Polícia mira rede de armas que saía do Tocantins para facções
Megaoperação investiga esquema de tráfico interestadual com foco em remessas de armamentos do estado para grupos criminosos

A Polícia Civil do Tocantins deflagrou na manhã desta quarta-feira uma megaoperação para desmantelar uma rede que, segundo as investigações, transportava armas de dentro do estado para facções criminosas em outros estados. A ação, batizada de "Operação Fogo Cruzado", envolve policiais civis e militares, além de agentes da Polícia Federal, e mira pontos estratégicos em três cidades tocantinenses: Palmas, Araguaína e Gurupi.
As investigações começaram há oito meses, quando a Delegacia de Repressão a Crimes contra o Patrimônio (DRCP) da Polícia Civil identificou movimentações suspeitas de armas de fogo saindo do Tocantins com destino a estados do Nordeste e Sudeste. De acordo com o delegado responsável pela operação, as armas eram adquiridas ilegalmente em feiras livres, armarinhos e até mesmo em oficinas mecânicas da região, onde comerciantes sem fiscalização vendiam munição e acessórios para civis sem registro. Os alvos principais são suspeitos de atuar como intermediários, comprando armas em nome de terceiros e repassando para grupos criminosos organizados.

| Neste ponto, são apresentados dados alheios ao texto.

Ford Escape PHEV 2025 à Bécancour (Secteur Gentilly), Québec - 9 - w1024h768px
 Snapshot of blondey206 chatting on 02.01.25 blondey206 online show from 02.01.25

Os policiais já apreenderam sete armas de fogo, entre pistolas, espingardas e fuzis, além de munição e documentos que comprovam a ligação entre os suspeitos e facções como o Primeiro Comando da Capital (PCC) e o Comando Vermelho. Em Palmas, a ação concentrou-se em bairros como Taquaralto e Centro, onde funcionavam pontos de venda irregulares. Em Araguaína, a Polícia Civil cumpriu mandados em dois endereços no Setor Central e no Setor Oeste, enquanto em Gurupi, a operação ocorreu em uma oficina mecânica na zona rural.

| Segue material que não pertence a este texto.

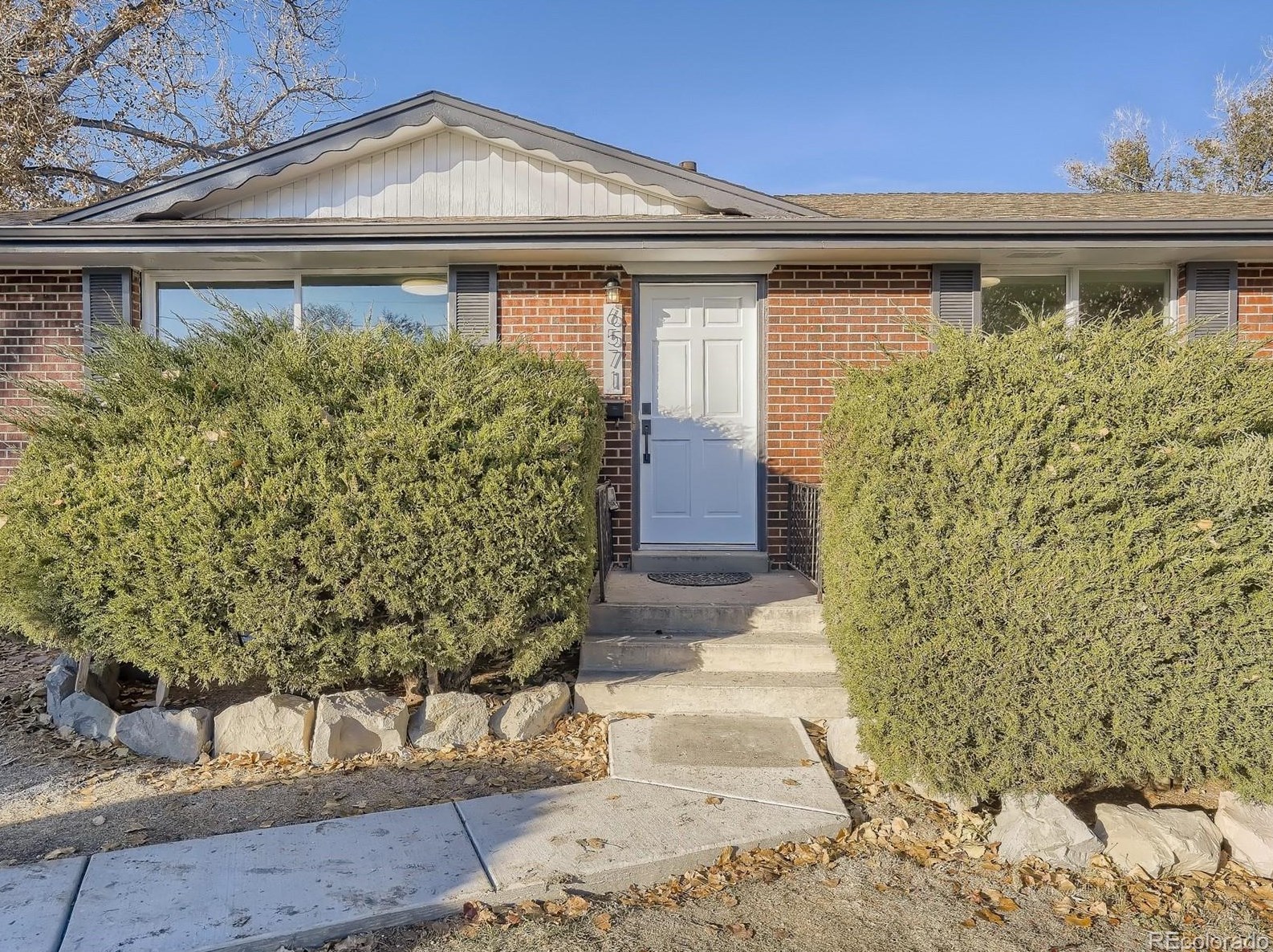 6571 Benton Cir, Arvada CO  80003-4733 exterior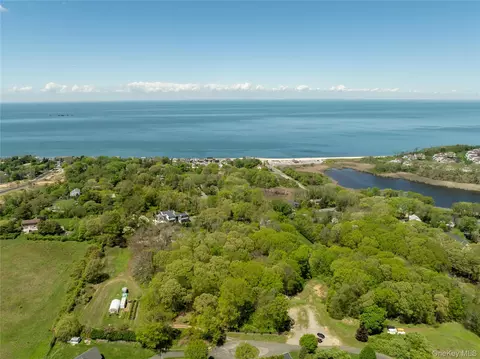 Pier Avenue, Riverhead, NY 11901 photo 5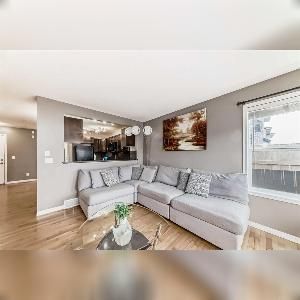 Finished 4 Bed 3.5 Bath Single Garage Duplex Airdrie - Photo 1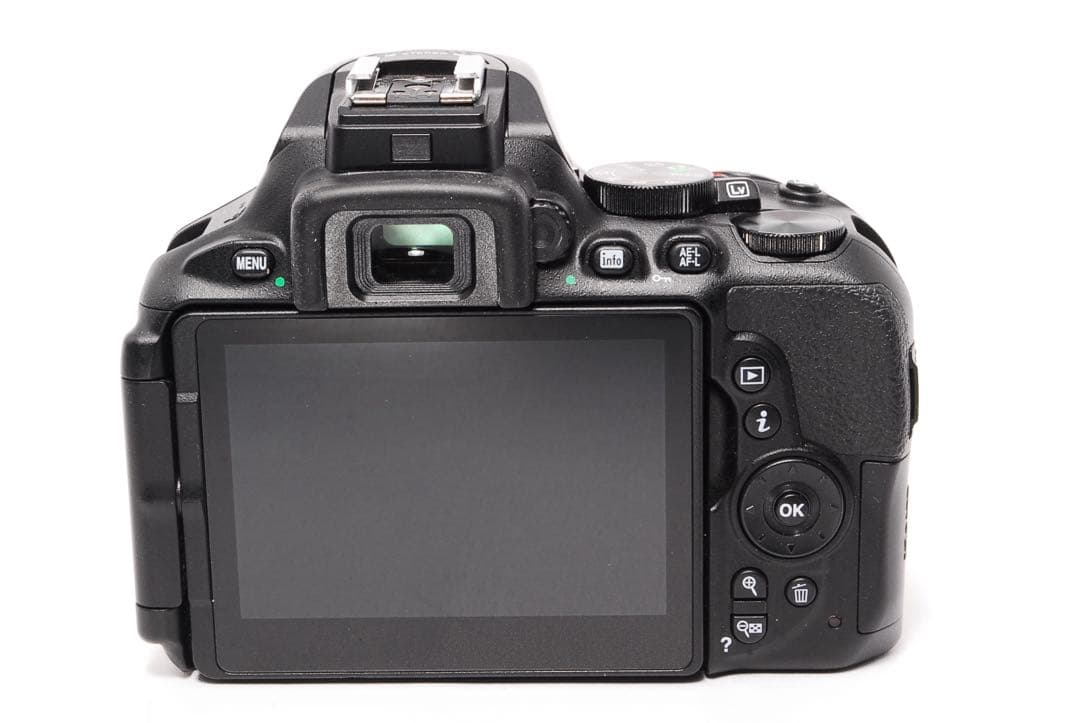 WiFiで楽々転送◆Nikon D5600◆一眼レフカメラ◆ショット数5710！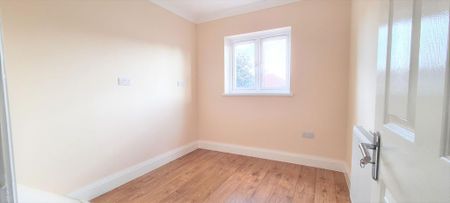 4 bedroom semi-detached house to rent - Photo 5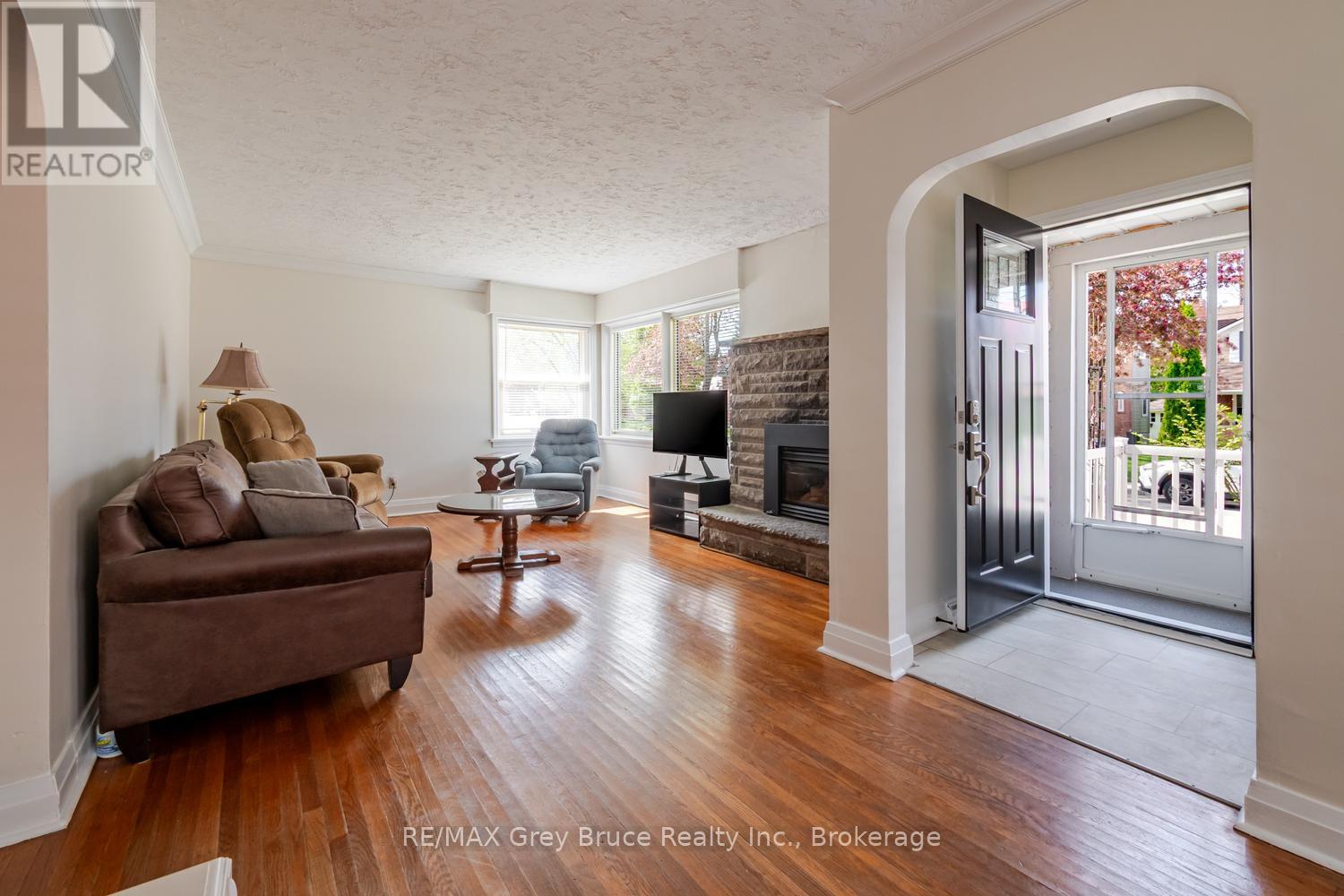 129 3RD A STREET W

A Polícia Civil informou que os suspeitos usavam veículos adaptados para esconder as armas, como compartimentos secretos em caminhonetes e malas com fundo falso. Um dos alvos, preso em flagrante, confessou que recebia encomendas de facções do Maranhão e do Pará, pagas antecipadamente via transferência bancária ou depósito em conta. A polícia ainda investiga se há ligação com casos recentes de assaltos a caixas eletrônicos e roubos de carga no estado, já que algumas armas apreendidas tinham numeração raspada, técnica comum em crimes violentos.

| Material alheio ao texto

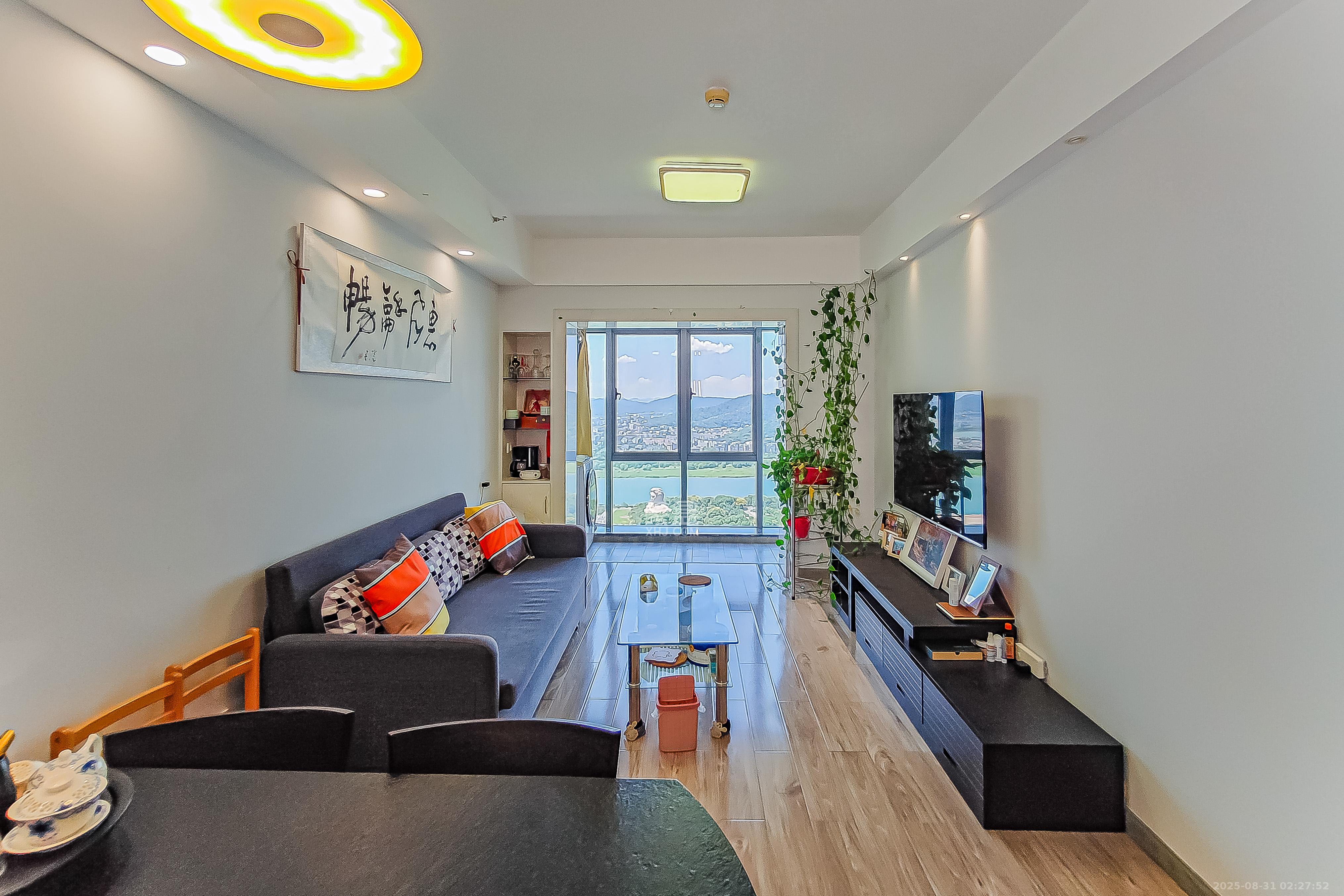 保利国际广场  2室1厅1卫    150.0万 保利国际广场  2室1厅1卫    150.0万客厅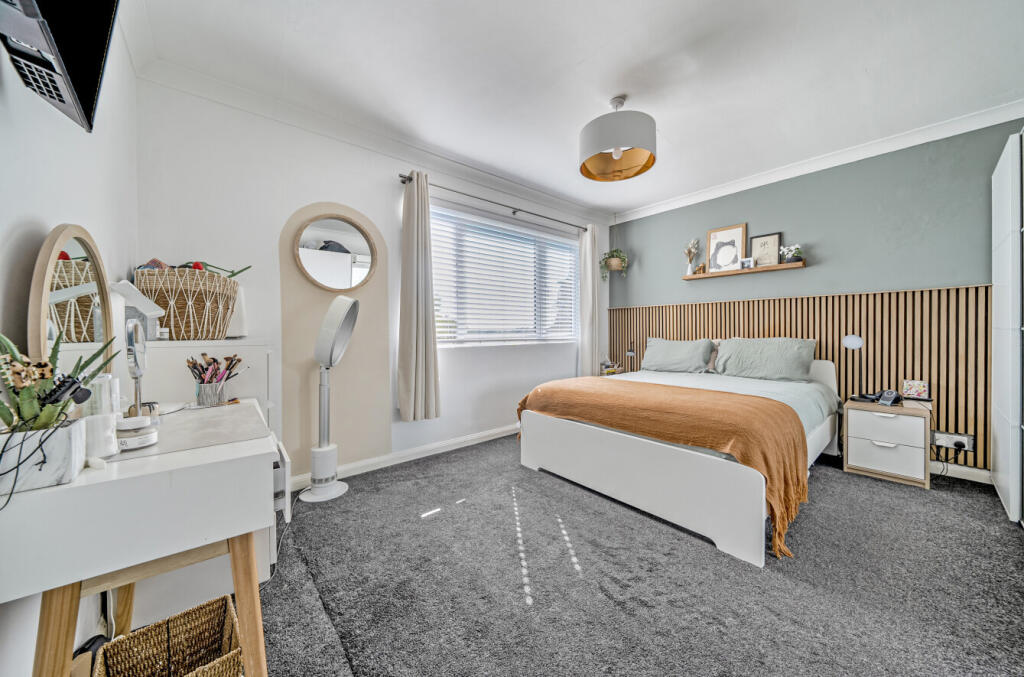 1355970-5-68cd6b3...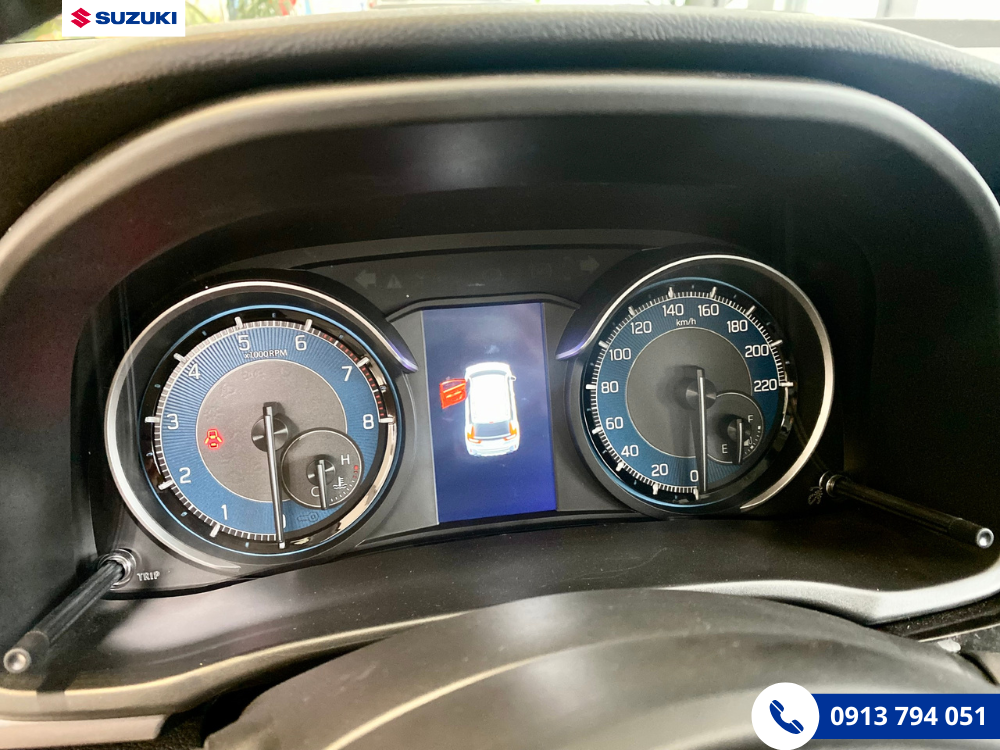 Cận cảnh đồng hồ taplo Suzuki XL7 Hybrid Tại Suzuki Việt Nhật Biên Hòa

Para a população tocantinense, o esquema representa um alerta sobre a facilidade com que armas circulam no estado, mesmo com a fiscalização da Polícia Federal e do Exército. Em 2023, o Tocantins registrou um aumento de 12% nos crimes com uso de armas de fogo, segundo dados da Secretaria de Segurança Pública. A megaoperação chega em um momento em que o governo estadual promete investir R$ 5 milhões em equipamentos para a Força Tática da Polícia Militar, além de reforçar a fiscalização em fronteiras com estados vizinhos.
A Polícia Civil destacou que a operação não tem relação com casos recentes de violência urbana em Palmas, como o aumento de homicídios no setor Bueno ou os confrontos entre facções no interior. No entanto, a apreensão de armas de grosso calibre, como fuzis, acende o sinal amarelo para a segurança pública. "Essas armas não são usadas apenas em crimes organizados, mas também em assaltos a bancos e transporte de valores", afirmou um investigador que participou da ação.
Os próximos passos da polícia incluem a análise de depoimentos e a busca por novos suspeitos, além da colaboração com a Receita Federal para rastrear as movimentações financeiras dos envolvidos. A Polícia Federal já confirmou que vai auxiliar nas investigações, especialmente para identificar a origem das armas e os canais de distribuição. Enquanto isso, comerciantes de armarinhos em Palmas e Araguaína relatam que a fiscalização da Polícia Federal aumentou nas últimas semanas, com agentes vistoriando estoques e exigindo documentação em dia.
A operação também levanta questionamentos sobre a eficácia do Sistema Nacional de Armas (SINARM) no Tocantins. Segundo dados do Exército, o estado tem mais de 15 mil armas registradas, mas especialistas estimam que o número de armas ilegais pode chegar a 50 mil, considerando o mercado paralelo. A falta de fiscalização em feiras livres e a demora na análise de registros pelo Exército são apontadas como brechas que facilitam o tráfico.
Enquanto a polícia trabalha para desmantelar a rede, moradores de bairros como o Taquaralto, em Palmas, relatam medo de que a violência aumente com a circulação de armas ilegais. "A gente já vive com medo de assalto, imagina se essas armas caem na mão de bandidos de fora", disse um comerciante do local. A operação, que deve se estender por mais 48 horas, é mais uma entre as várias ações recentes que mostram como o tráfico de armas afeta diretamente o cotidiano dos tocantinenses, desde a segurança nas ruas até a economia local.